# [WORK INSTRUCTIONS]
The data below is to be written out exactly, with no pictures.

-.-.-

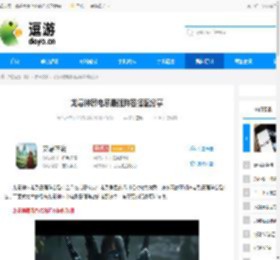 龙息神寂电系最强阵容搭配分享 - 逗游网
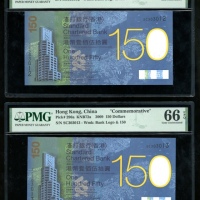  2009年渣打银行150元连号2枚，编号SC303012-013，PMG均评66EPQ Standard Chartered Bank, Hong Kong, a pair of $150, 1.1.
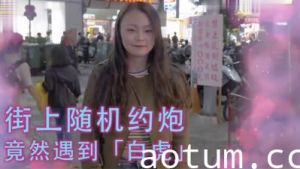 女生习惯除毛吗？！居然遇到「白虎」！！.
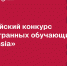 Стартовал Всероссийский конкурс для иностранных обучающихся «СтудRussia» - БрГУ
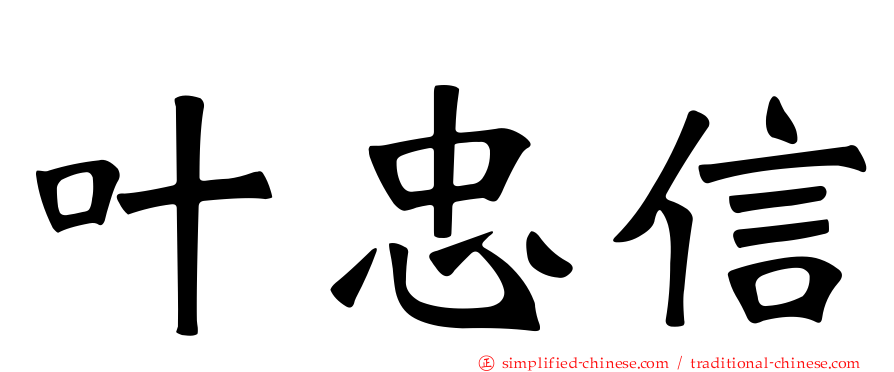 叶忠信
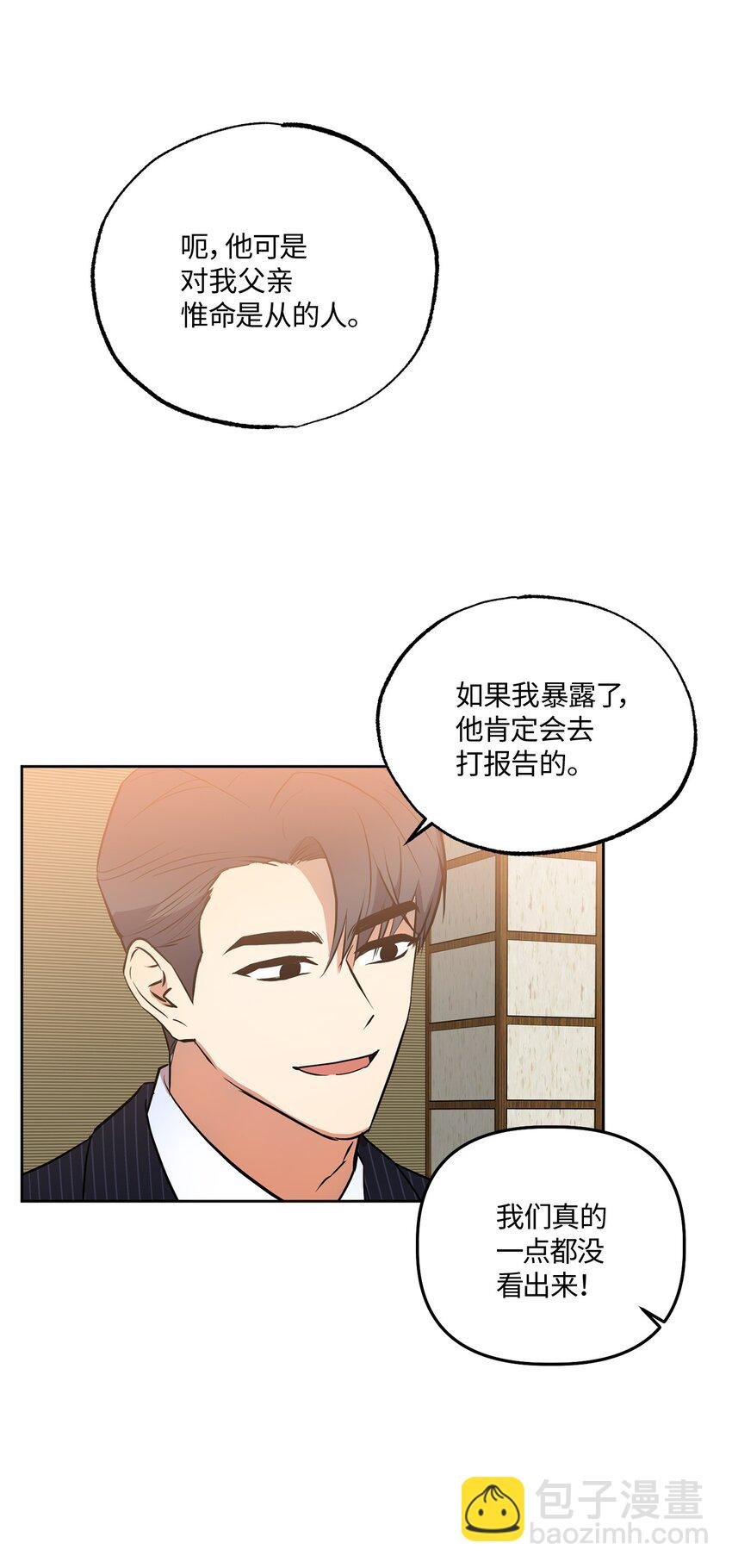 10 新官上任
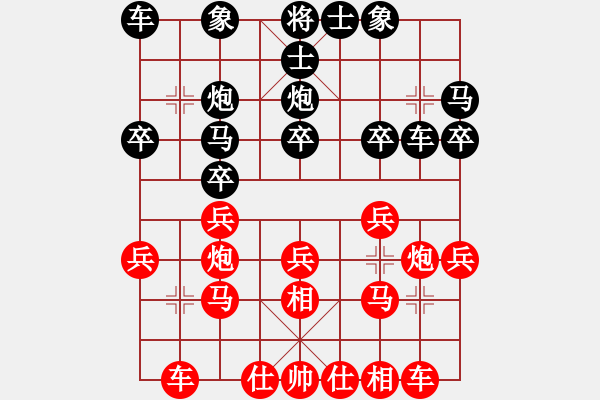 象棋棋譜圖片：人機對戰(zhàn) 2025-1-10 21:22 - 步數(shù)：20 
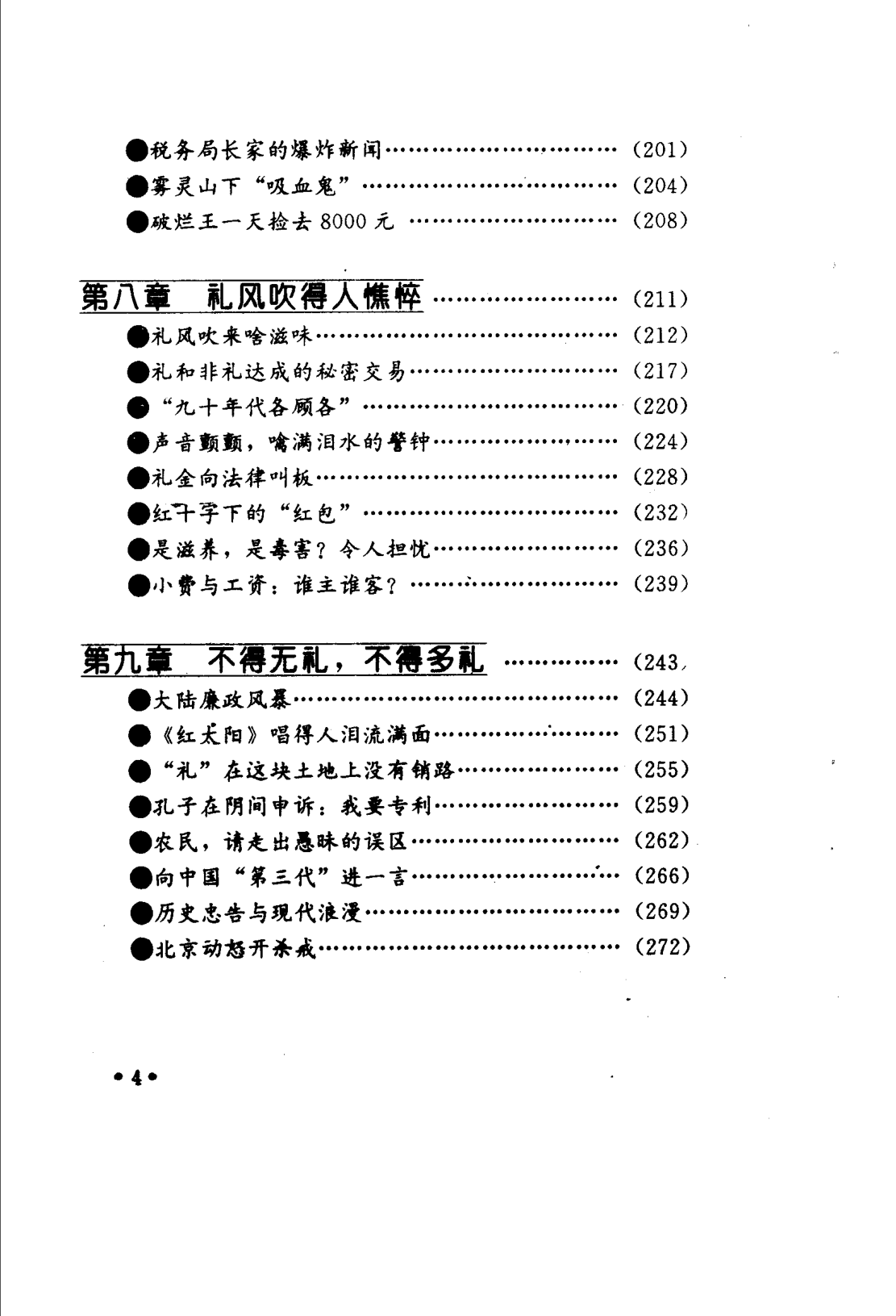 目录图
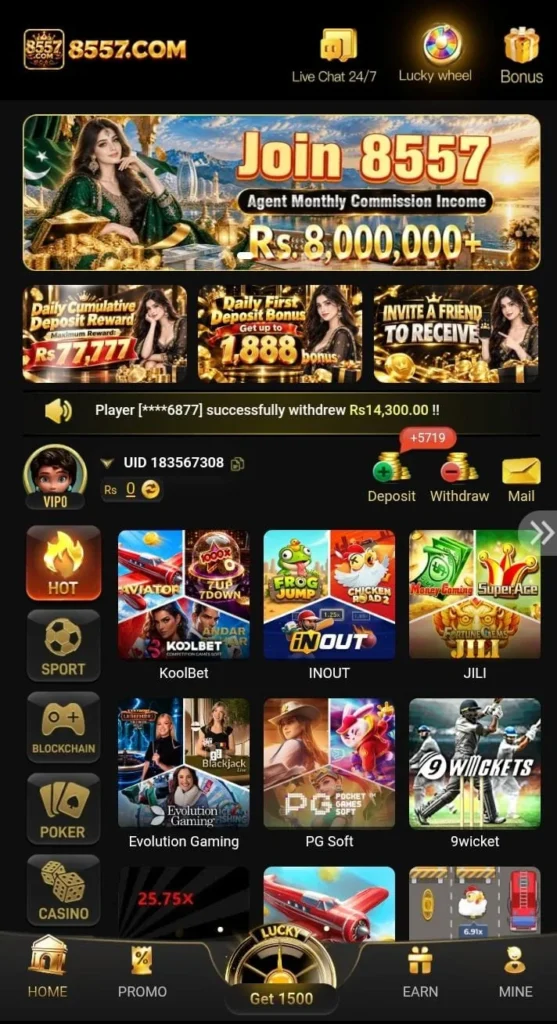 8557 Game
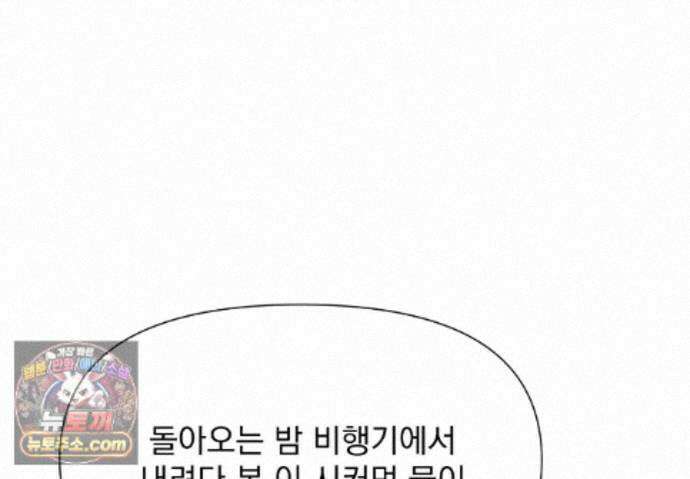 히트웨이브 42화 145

-.-.-

# [WRITTEN RESPONSE]
 龙息神寂电系最强阵容搭配分享 - 逗游网
  2009年渣打银行150元连号2枚，编号SC303012-013，PMG均评66EPQ Standard Chartered Bank, Hong Kong, a pair of $150, 1.1.
 女生习惯除毛吗？！居然遇到「白虎」！！.
 Стартовал Всероссийский конкурс для иностранных обучающихся «СтудRussia» - БрГУ
 叶忠信
 10 新官上任
 象棋棋譜圖片：人機對戰(zhàn) 2025-1-10 21:22 - 步數(shù)：20 
 目录图
 8557 Game
 히트웨이브 42화 145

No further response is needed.